Another Antipodean soprano, Dame Kiri te Kanawa, popularised (or

should that be elitised?) the Bernstein masterwork when she recorded it

in the eighties with Jose Carreras and Bernstein conducting. There has

been a bit of purist muttering about dragging songs and arias raw and

bleeding from their various settings but the concert which this company

put on at the Concert Hall last year was an outstanding success, and it

had Michael Tumelty, Lord High Tum-te-Tum himself, absolutely

rhapsodising.

As well as Tonight, Maria, I Feel Pretty, Somewhere and the rest,

there will be songs from Gershwin's An American in Paris and the

incomporable Porgy and Bess.''

Altogether now ''Summertime, and the livin's is e-e-easy''.

Mayfest finishes tomorrow but you can still see and enjoy the totally

terrific Dumbstruck at the Tron until Sunday. Take incontinence pads and

a plastic bag because if you don't wet yourself laughing you'll guffaw

yourself sick.

The ensemble playing is exquisite and it would be desperately unfair

to single out one actor from this perfectly blended production, so

naturally I'm going to.

If you see a better-paced and funnier performance than the one Jimmy

Chisholm delivers then you will be a lucky theatregoer indeed. He walks

the tightrope of OTT temptation with an aplomb Blondine would have

envied, teettering tantalisingly on the edge of parody without ever

falling over. Director Michael Boyd is to be congratuled on assembling

this manic crew.

It has been my Mayfest highlight so far but if you were to stick

around the Tron after the show tonight and tomorrow you might experience

at 10.45pm Virtual Reality, a savagely comic attack on the politically

correct, among many others, which doesn't take any prisoners.

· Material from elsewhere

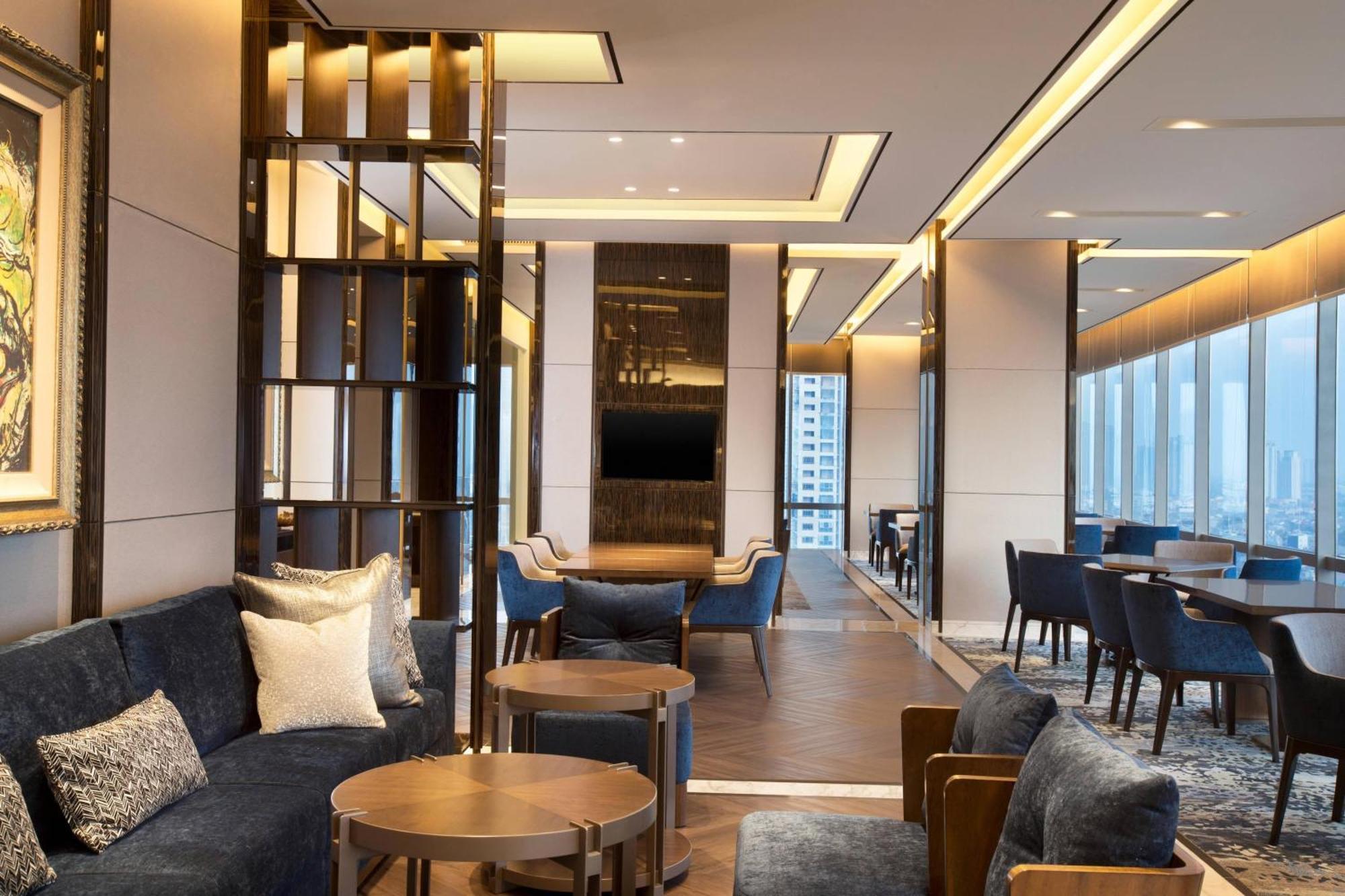 Sheraton Grand Jakarta Gandaria City Hotel Exterior foto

It stars, apart from the above mentioned J Chisholm, the sublime Andy

Gray, who is to over-the-topness what Hoover is to vacuum cleaners

(eponymous, a big sook and not so dusty) and also Billy McIlhaney, High

Thespe of the East and Hibee extraordinaire.

The gallus and glamorous Barbara Rafferty supplies the distaff humour

from this week's headlines and these are people not to be trifled with,

unless you want a metaphorical custard pie in the face.